Assa Abloy has its UK headquarters at the works in School Street, Willenhall, and retaining a skilled workforce in an area with a proud tradition of lock making has been a key part of its strategy.
South African-born managing director John Middleton, who has been in charge of the UK, Middle East and Africa region for three years, said it has been tough in recent years but that the new investment was a welcome shot in the arm for the business.
He said: "We have been through a series of contractions, but in order to survive it was necessary to do that. We have moved from 12 sites around the UK to three sites in the Black Country and one in Belfast."
Assa Abloy now employs about 800 in the Black Country with about 550 of those involved in production at the Portobello Works and at Chubb Lock Custodial in Wednesfield. It also has a distribution centre in Cannock Road, Wolverhampton.
Mr Middleton said that competitors bringing in cheap Chinese products had forced Assa Abloy to do some outsourcing but it had been determined to stay manufacturing in the Black Country.

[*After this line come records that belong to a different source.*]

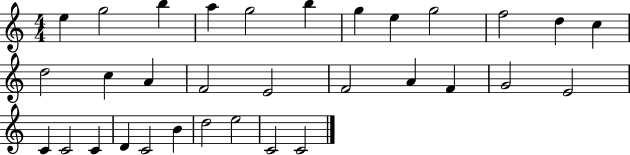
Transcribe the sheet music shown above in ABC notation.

X:1
T:Untitled
M:4/4
L:1/4
K:C
e g2 b a g2 b g e g2 f2 d c d2 c A F2 E2 F2 A F G2 E2 C C2 C D C2 B d2 e2 C2 C2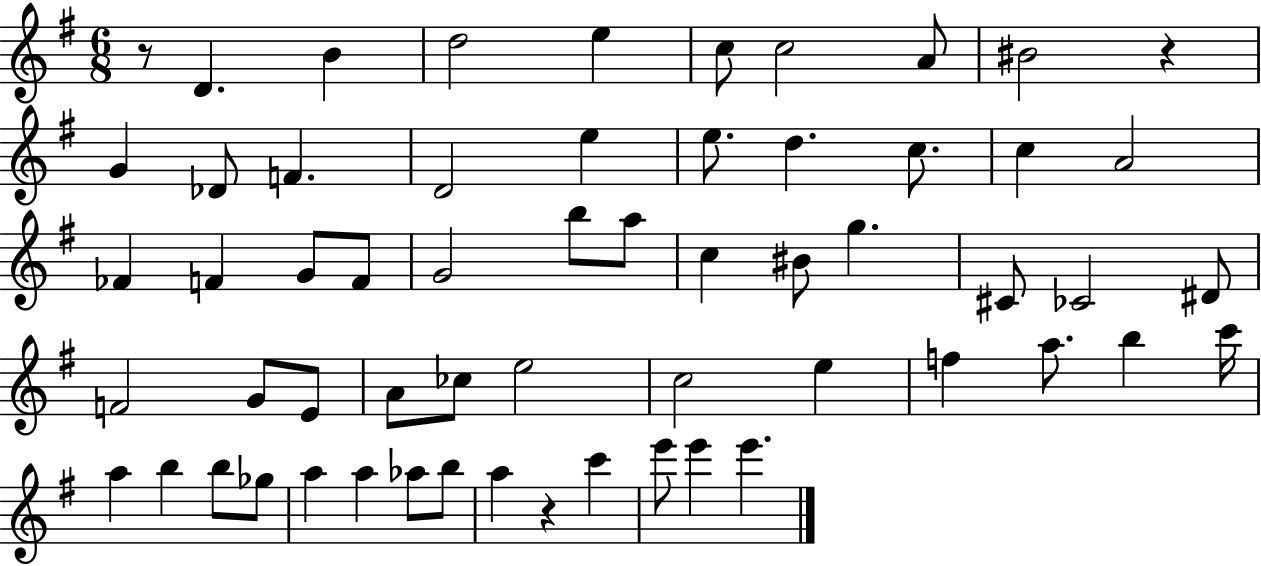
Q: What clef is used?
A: treble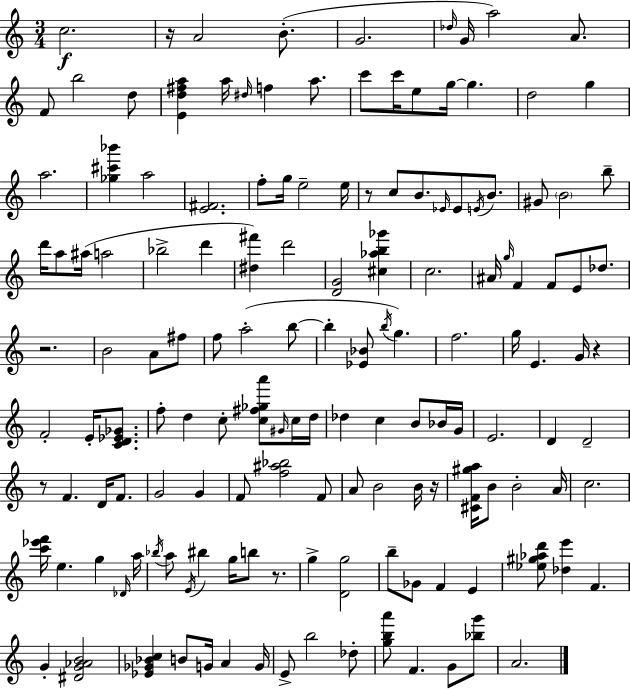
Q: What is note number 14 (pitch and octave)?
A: F5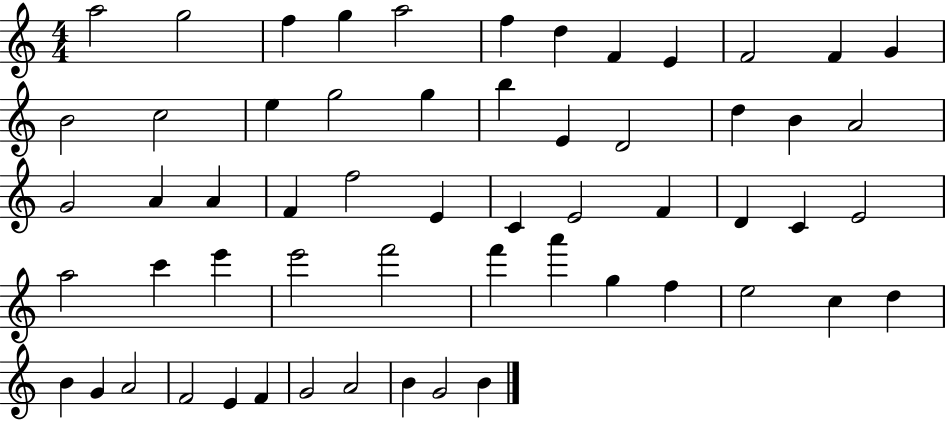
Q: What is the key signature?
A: C major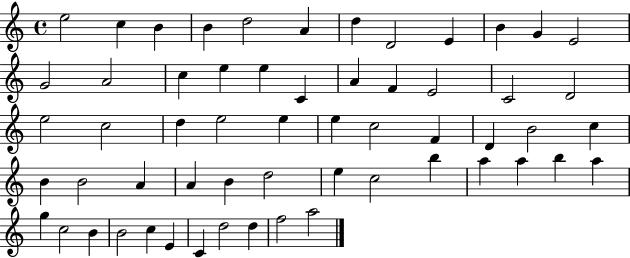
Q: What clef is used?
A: treble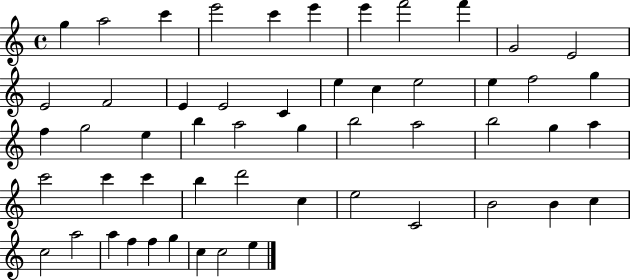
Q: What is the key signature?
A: C major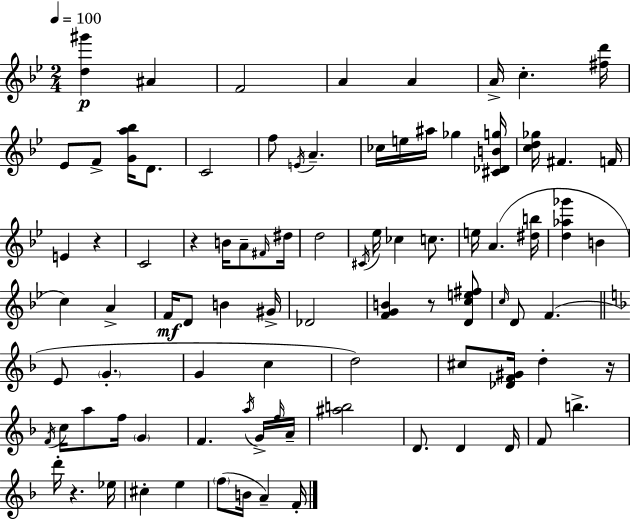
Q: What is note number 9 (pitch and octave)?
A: D4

"We are now doing late configuration here as well as primary manufacturing," said.
"We were already taking steps to stay ahead of our competitors before the recession, but when the recession hit we had to sell companies and bring costs down to ultimately make us a stronger company.
"It has been successful and the company is now prospering. We are proud to have kept a tradition of lock making in Willenhall."
The UK operation has seen growth of six per cent this year so far. It is still the UK's largest lock group and last year invested £4 million. Assa Abloy has also begun a process of expanding again in the UK and bought Walsall-based Paddock two years ago for its door products and that has recently been relocated to Willenhall. Cheltenham-based Securistyle was also bought for its window products, along with, a month ago, Traka in Milton Keynes. Assa Abloy, which has its international head office in Sweden, was formed in 1994 and employs 32,000 worldwide.
It bought the Black Country operation in 2000 from Williams Holdings which then owned Yale, Union and Chubb. It now only makes one Chubb product, the custodial lock, as Williams only had a 10-year licence for the other Chubb lock lines. It makes more than 20,000 different products and variations in the Black Country under many names including Union, Yale and Besam.
Mr Middleton said that exports was the key to the growth of the business with Eastern Europe a key area at the moment.
He said that the the current recruitment drive was focussing on sales in an effort to keep abreast with new technology.